Stored items:
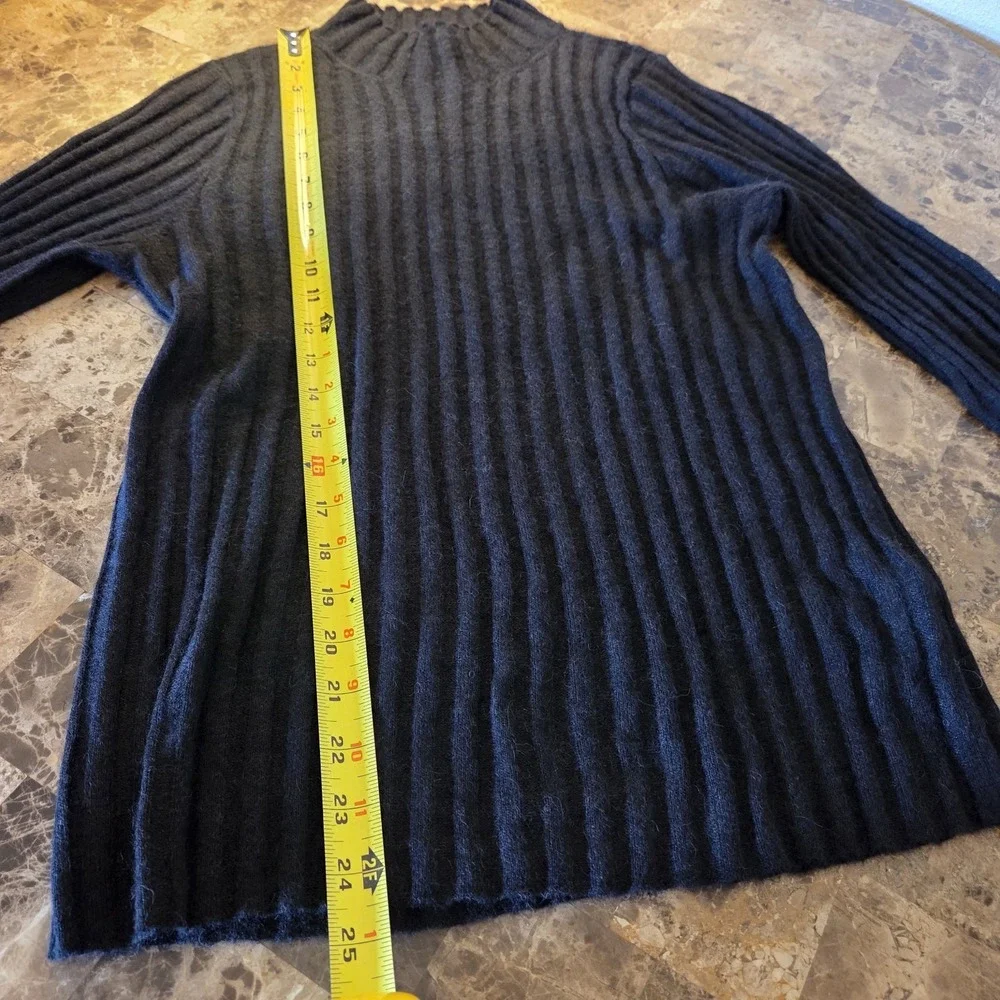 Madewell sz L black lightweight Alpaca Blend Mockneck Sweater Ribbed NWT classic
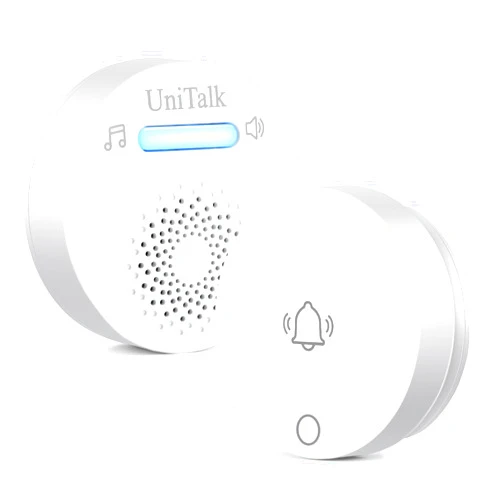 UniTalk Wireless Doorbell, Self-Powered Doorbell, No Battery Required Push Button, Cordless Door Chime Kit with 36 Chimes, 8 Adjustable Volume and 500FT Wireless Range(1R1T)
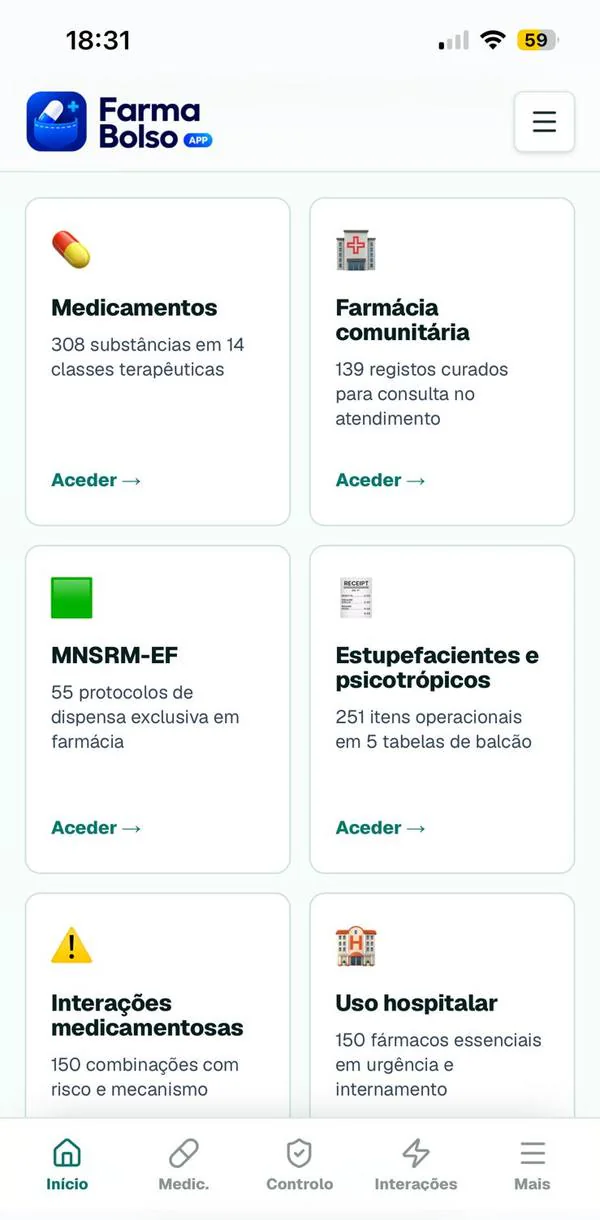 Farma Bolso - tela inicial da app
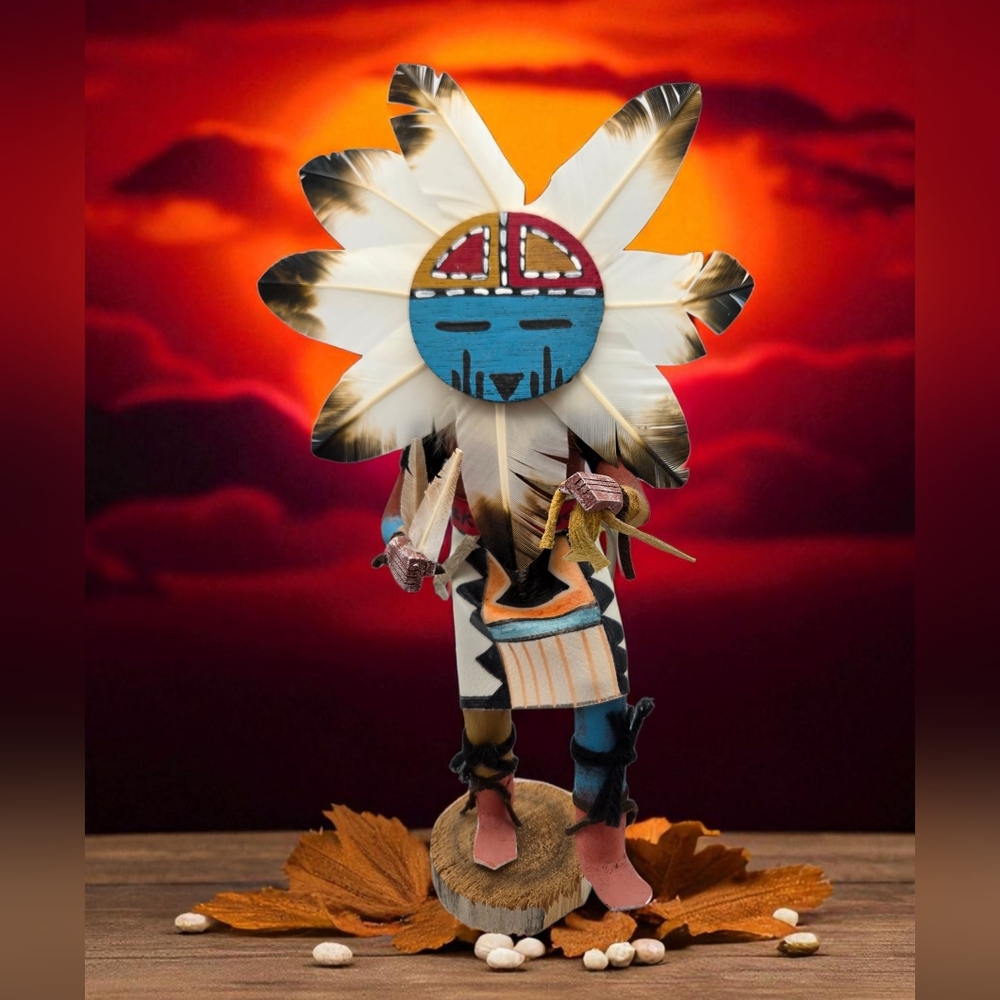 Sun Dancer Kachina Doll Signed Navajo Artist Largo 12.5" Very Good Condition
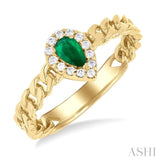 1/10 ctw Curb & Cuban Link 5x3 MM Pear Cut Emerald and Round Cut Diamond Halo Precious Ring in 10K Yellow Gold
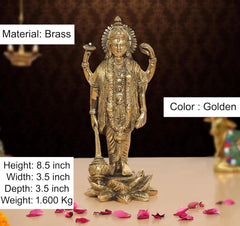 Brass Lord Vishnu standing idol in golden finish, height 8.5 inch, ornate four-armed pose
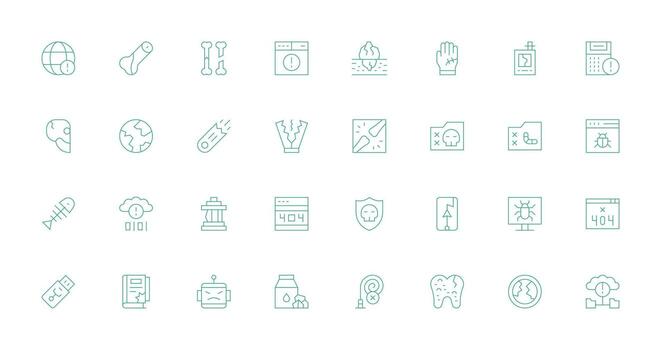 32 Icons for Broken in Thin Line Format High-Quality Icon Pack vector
* * *
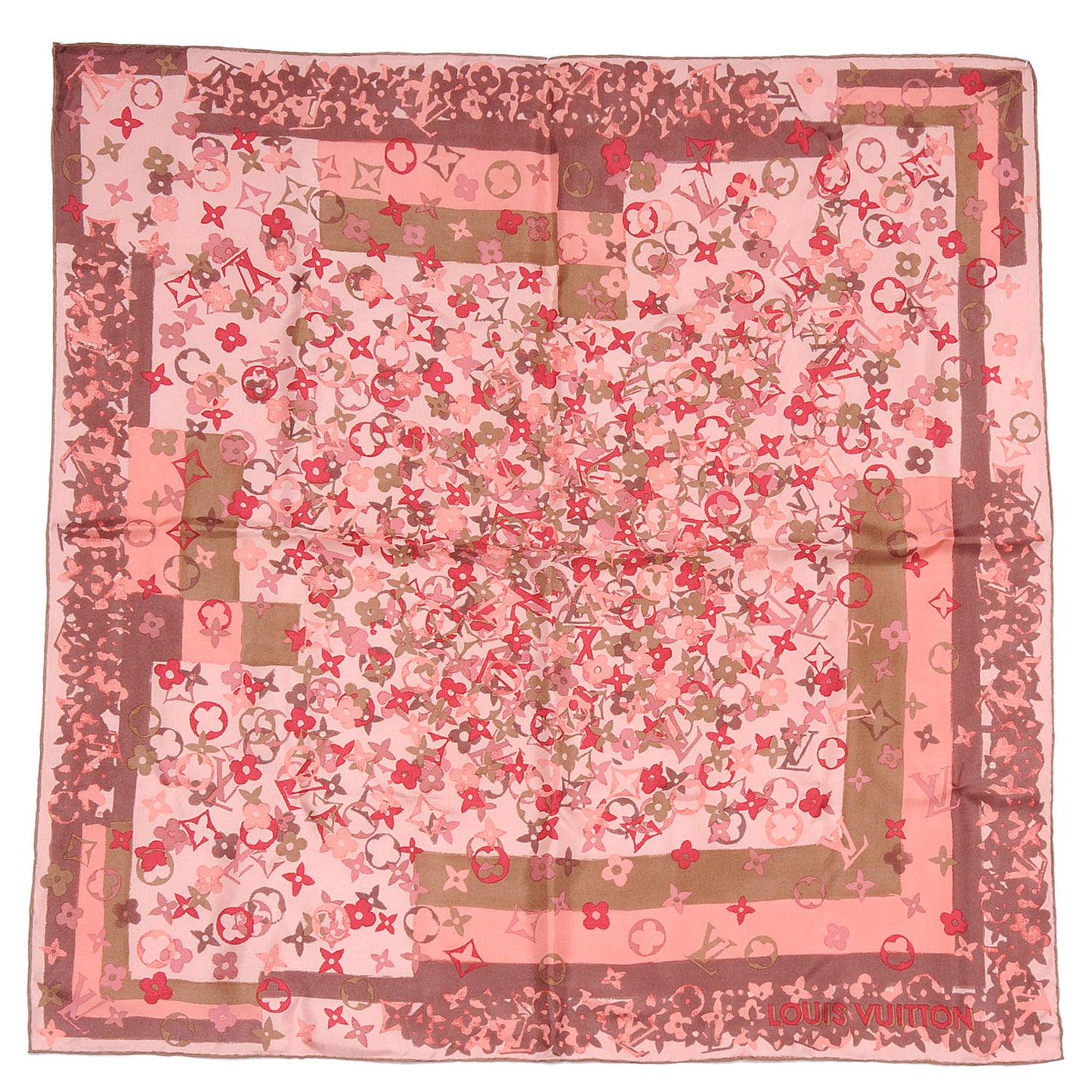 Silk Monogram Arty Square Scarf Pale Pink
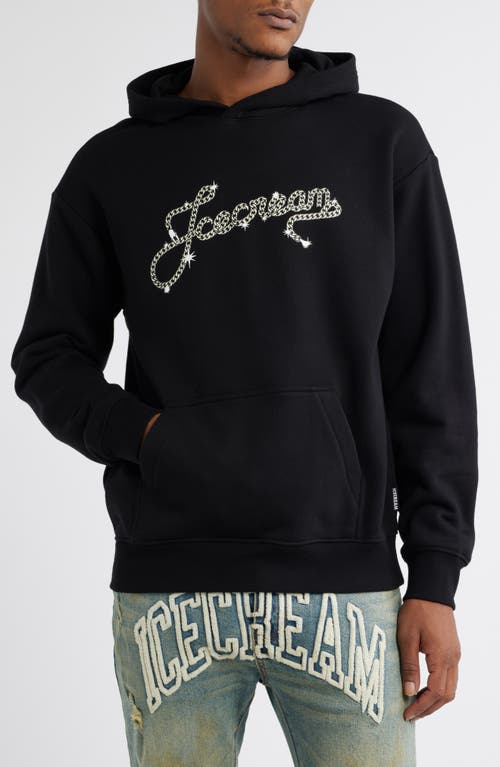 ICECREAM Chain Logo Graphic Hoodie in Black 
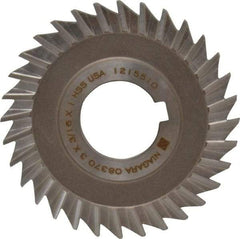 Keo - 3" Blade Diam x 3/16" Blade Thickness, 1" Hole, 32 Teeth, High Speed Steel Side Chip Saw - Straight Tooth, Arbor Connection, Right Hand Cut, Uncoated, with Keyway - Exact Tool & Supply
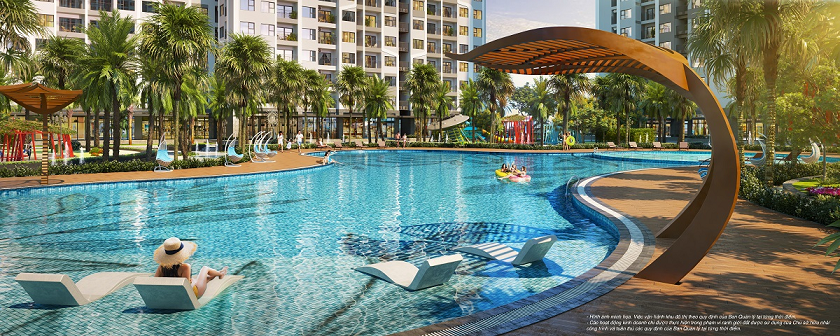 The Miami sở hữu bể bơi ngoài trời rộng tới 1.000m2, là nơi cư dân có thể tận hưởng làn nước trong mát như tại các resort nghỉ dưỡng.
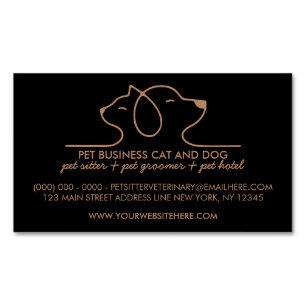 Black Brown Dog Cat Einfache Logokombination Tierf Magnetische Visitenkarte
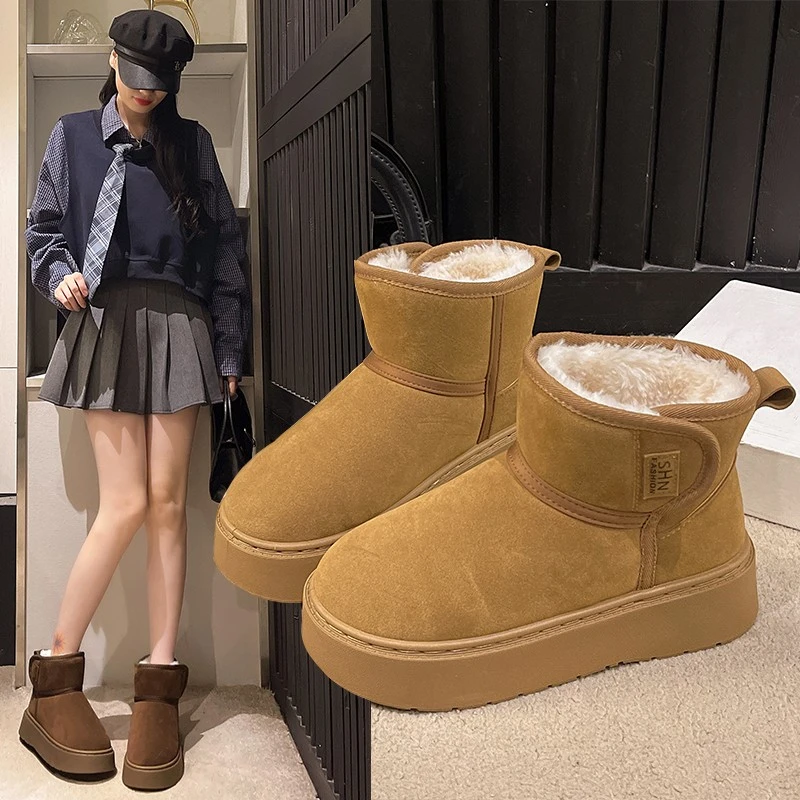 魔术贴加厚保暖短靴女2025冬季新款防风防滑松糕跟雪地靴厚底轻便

What you should do » Beginning with the line above that contains "Tool & Supply" and ending with the line that contains "The Miami sở", quote each line exactly, keeping out the pictures.

Result for this exercise »
 Keo - 3" Blade Diam x 3/16" Blade Thickness, 1" Hole, 32 Teeth, High Speed Steel Side Chip Saw - Straight Tooth, Arbor Connection, Right Hand Cut, Uncoated, with Keyway - Exact Tool & Supply
 The Miami sở hữu bể bơi ngoài trời rộng tới 1.000m2, là nơi cư dân có thể tận hưởng làn nước trong mát như tại các resort nghỉ dưỡng.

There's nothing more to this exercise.